[DATASET ENTRIES]
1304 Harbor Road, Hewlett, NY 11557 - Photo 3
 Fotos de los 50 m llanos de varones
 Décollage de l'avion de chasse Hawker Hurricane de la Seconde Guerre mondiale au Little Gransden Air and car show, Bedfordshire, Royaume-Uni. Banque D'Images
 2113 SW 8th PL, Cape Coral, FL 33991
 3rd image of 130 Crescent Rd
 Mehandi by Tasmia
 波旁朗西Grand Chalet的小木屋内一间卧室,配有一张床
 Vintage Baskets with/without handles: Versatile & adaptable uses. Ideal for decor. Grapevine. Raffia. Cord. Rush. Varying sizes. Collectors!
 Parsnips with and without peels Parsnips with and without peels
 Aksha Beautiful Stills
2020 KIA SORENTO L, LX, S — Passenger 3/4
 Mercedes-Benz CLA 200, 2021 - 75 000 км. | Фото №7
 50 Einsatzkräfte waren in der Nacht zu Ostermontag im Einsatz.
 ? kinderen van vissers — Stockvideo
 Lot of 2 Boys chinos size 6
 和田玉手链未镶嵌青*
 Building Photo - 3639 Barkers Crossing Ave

[WHAT YOU ARE ASKED TO DO] Take the first line of the material above as the start and the line that contains "3rd image of 130 Crescent Rd" as the end. Output only that span, every line exactly as it stands.

[TASK RESPONSE]
1304 Harbor Road, Hewlett, NY 11557 - Photo 3
 Fotos de los 50 m llanos de varones
 Décollage de l'avion de chasse Hawker Hurricane de la Seconde Guerre mondiale au Little Gransden Air and car show, Bedfordshire, Royaume-Uni. Banque D'Images
 2113 SW 8th PL, Cape Coral, FL 33991
 3rd image of 130 Crescent Rd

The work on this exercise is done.